Your goal — In the copy, leave out the pictures and repeat all records exactly.
-- Data to examine follows --
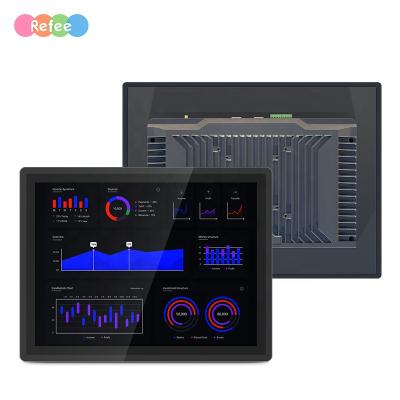 China Aluminum panel wall mount computer ip65 industrial rugged fanless android capacitive touchscreen monitor industrial PC for sale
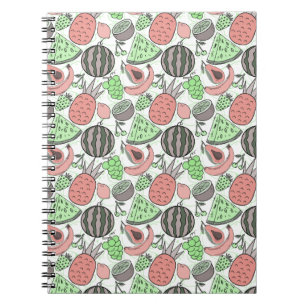 Fruit seamless pattern   Fruit surface pattern 53 Notebook
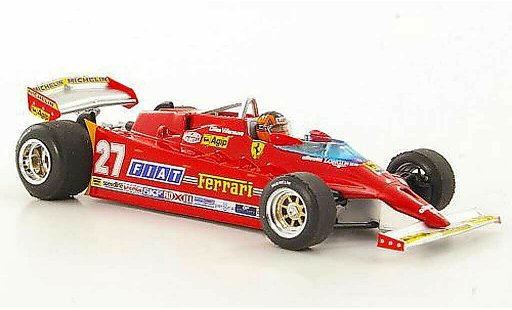 Ferrari 126 CK 1/43 Brumm Turbo No.27 G.Villeneuve GP USA West modelauto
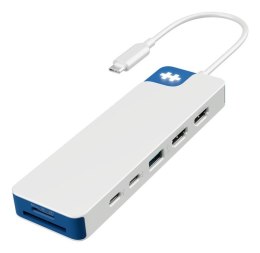 9-portowa stacja dokująca Hyper HyperDrive Flex Dual 4K HDMI, biały/niebieski | HD4103BUGL | Ilość portów HDMI: 2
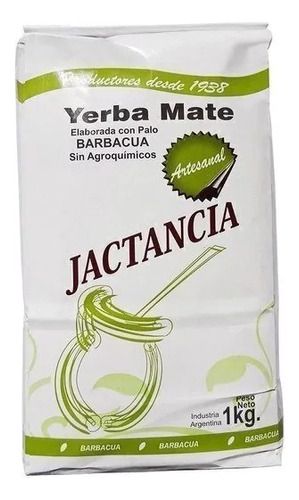 Yerba Mate Jactancia X 1 Kg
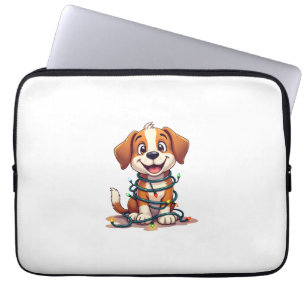 Merry Beagle-lichten Laptop Sleeve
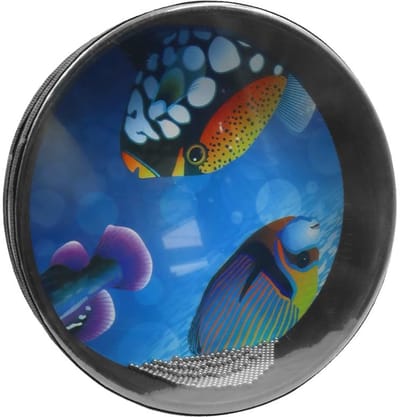 Dailygoods- Ocean Drum 8 Inch - Natuurlijke Kleur - Regen Drum - Ontspanning - Schokbestendig - Comfortabel Gebruik - Geluidsdrum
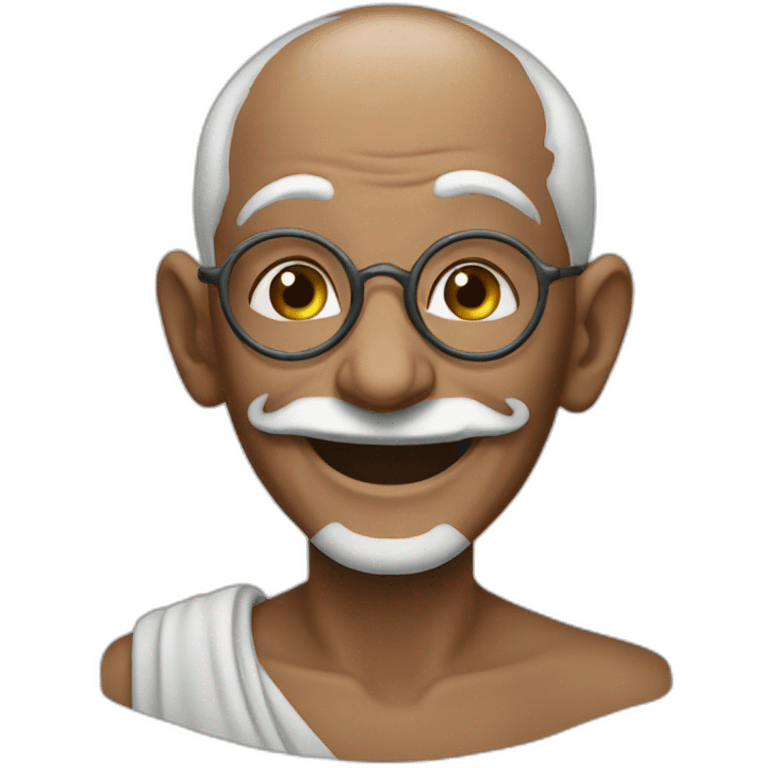 Happy gandhi emoji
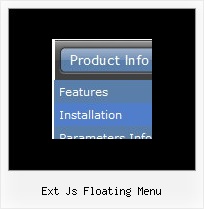 Ext Js Floating Menu Cascading Drop Down Menu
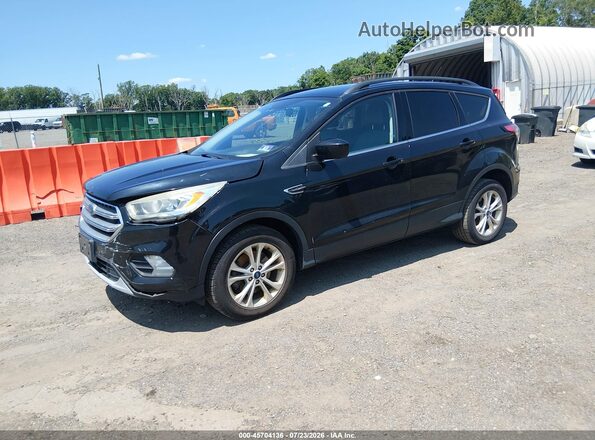 1FMCU9GD9HUE82952 2017 FORD ESCAPE Black წინა მარცხენა ხედი სამი მეოთხედიდან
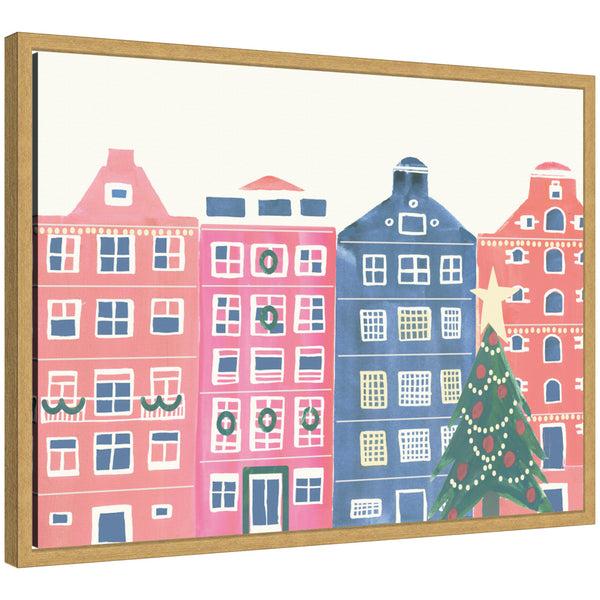 kate & laurel Sylvie Framed Canvas Festive Home by Teju Reval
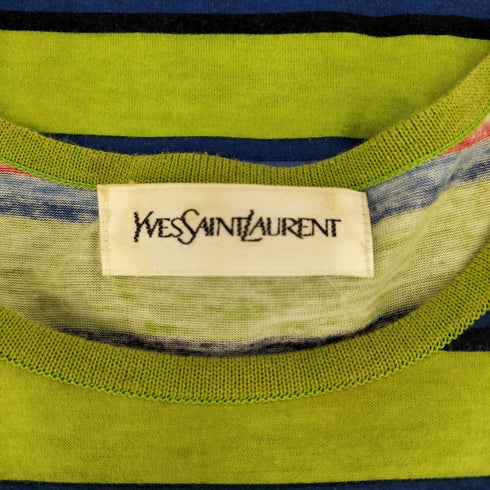 イヴサンローラン Yves Saint Laurent マルチボーダー S/S カットソー レディース import:M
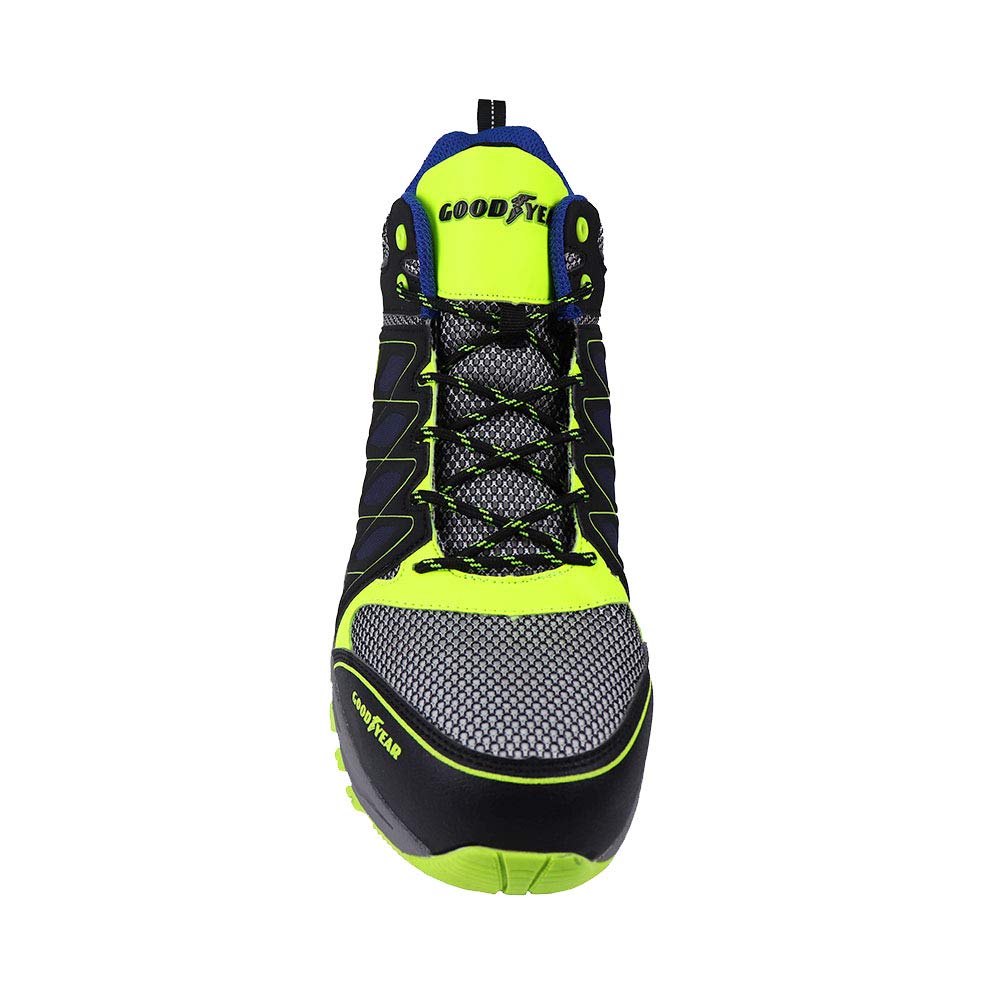 Goodyear Men's Metal Free Composite Toe & Midsole Protection S1P SRA HRO Safety Boots, Multicolor, 12 UK, Green Blue - Image 3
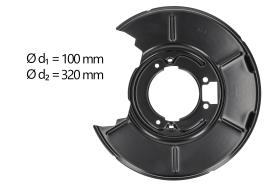 AIC 55499 - CHAPA PROTECTORA CONTRA SALPICADURAS, DISCO DE FRENO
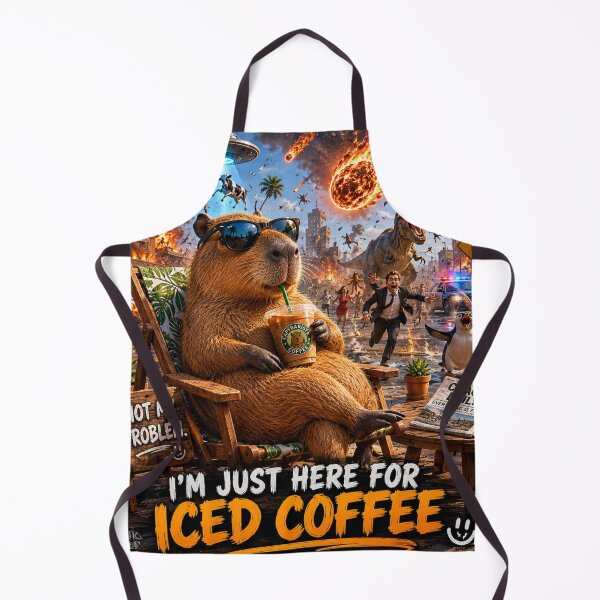 Item preview, Capybara I Choose Peace Chaos Funny Chill Iced Coffee Art. designed and sold by irfanshikh.
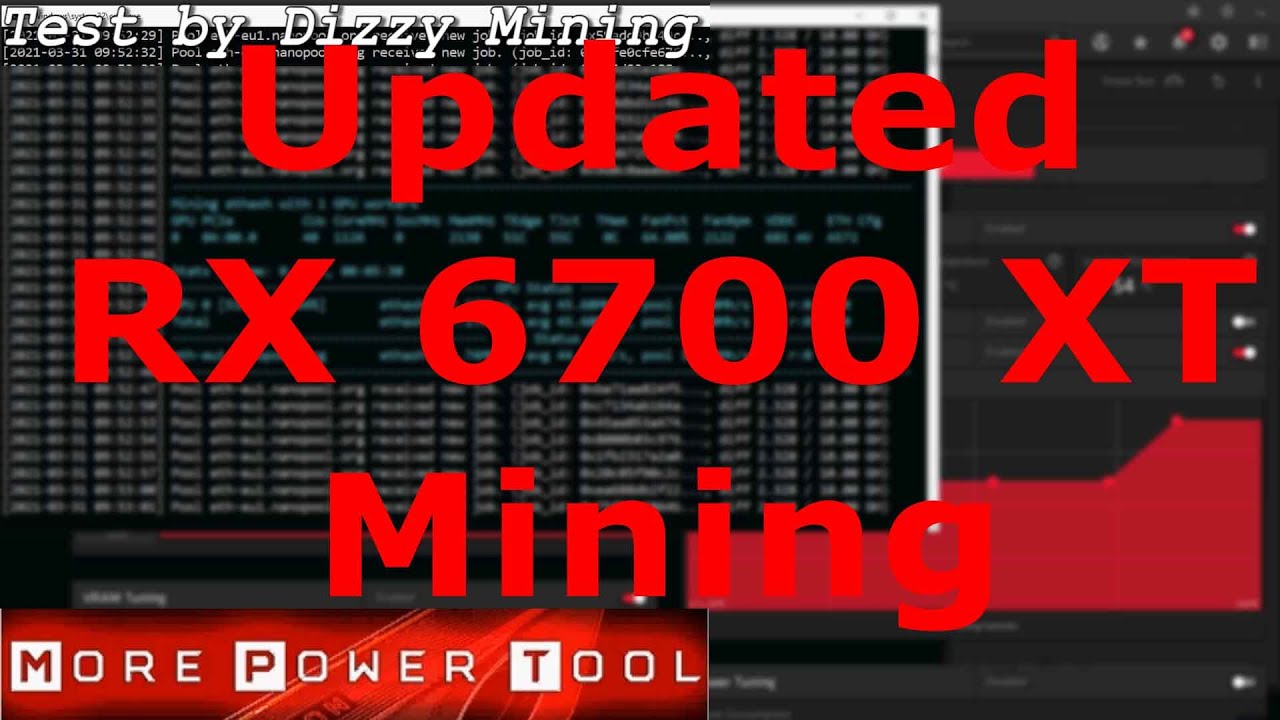 AMD Radeon RX XT in Crypto Mining: ETH Mining @ W tweaked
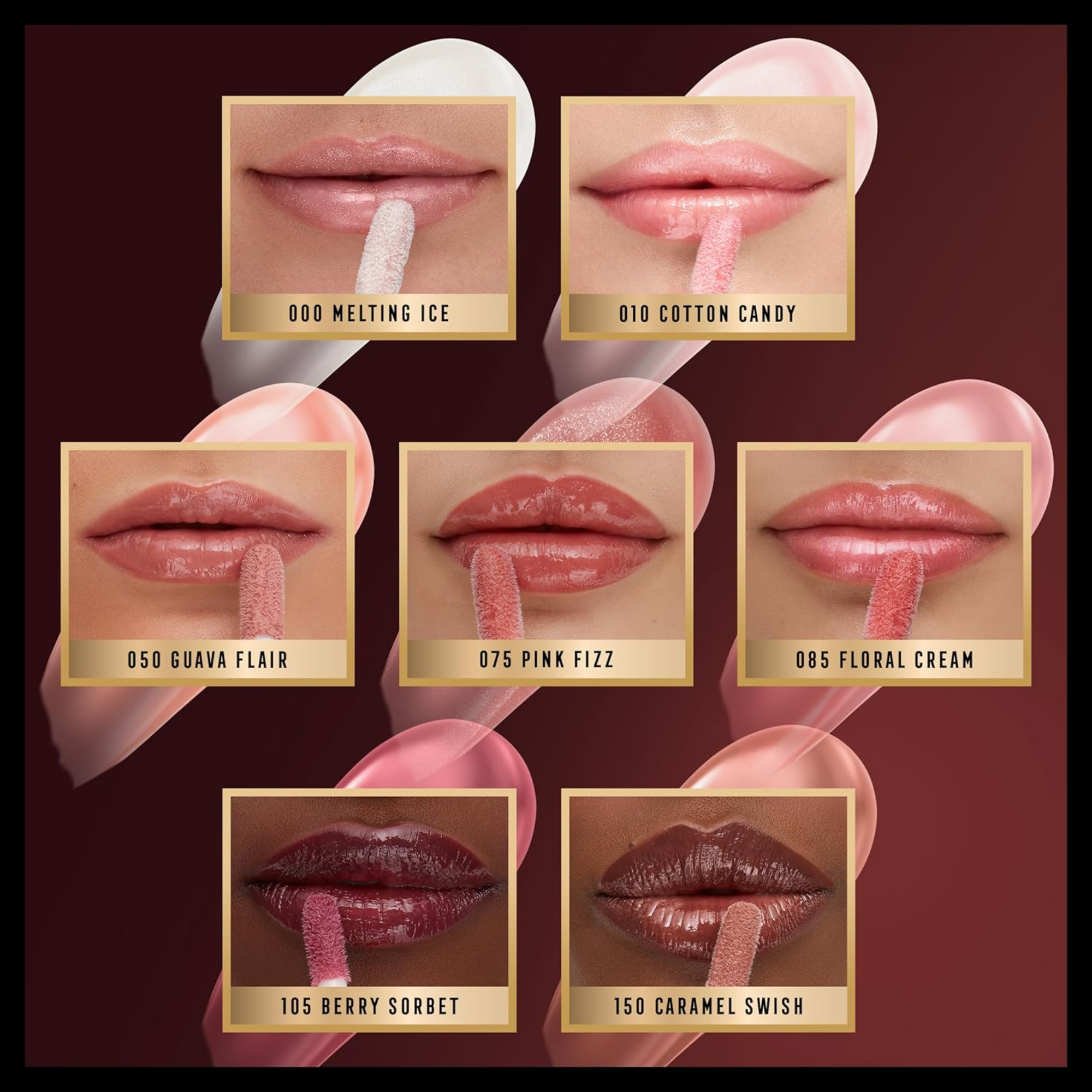 Max Factor 2000 Calorie Lip Glaze Plumping Lip Gloss 4.4ml - 150 Caramel Swish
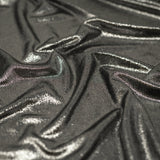 Foiled Slinky Jacquard Fabric Black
-- Data to examine concluded --
Written response —
 China Aluminum panel wall mount computer ip65 industrial rugged fanless android capacitive touchscreen monitor industrial PC for sale
 Fruit seamless pattern   Fruit surface pattern 53 Notebook
 Ferrari 126 CK 1/43 Brumm Turbo No.27 G.Villeneuve GP USA West modelauto
 9-portowa stacja dokująca Hyper HyperDrive Flex Dual 4K HDMI, biały/niebieski | HD4103BUGL | Ilość portów HDMI: 2
 Yerba Mate Jactancia X 1 Kg
 Merry Beagle-lichten Laptop Sleeve
 Dailygoods- Ocean Drum 8 Inch - Natuurlijke Kleur - Regen Drum - Ontspanning - Schokbestendig - Comfortabel Gebruik - Geluidsdrum
 Happy gandhi emoji
 Ext Js Floating Menu Cascading Drop Down Menu
 1FMCU9GD9HUE82952 2017 FORD ESCAPE Black წინა მარცხენა ხედი სამი მეოთხედიდან
 kate & laurel Sylvie Framed Canvas Festive Home by Teju Reval
 イヴサンローラン Yves Saint Laurent マルチボーダー S/S カットソー レディース import:M
 Goodyear Men's Metal Free Composite Toe & Midsole Protection S1P SRA HRO Safety Boots, Multicolor, 12 UK, Green Blue - Image 3
 AIC 55499 - CHAPA PROTECTORA CONTRA SALPICADURAS, DISCO DE FRENO
 Item preview, Capybara I Choose Peace Chaos Funny Chill Iced Coffee Art. designed and sold by irfanshikh.
 AMD Radeon RX XT in Crypto Mining: ETH Mining @ W tweaked
 Max Factor 2000 Calorie Lip Glaze Plumping Lip Gloss 4.4ml - 150 Caramel Swish
 Foiled Slinky Jacquard Fabric Black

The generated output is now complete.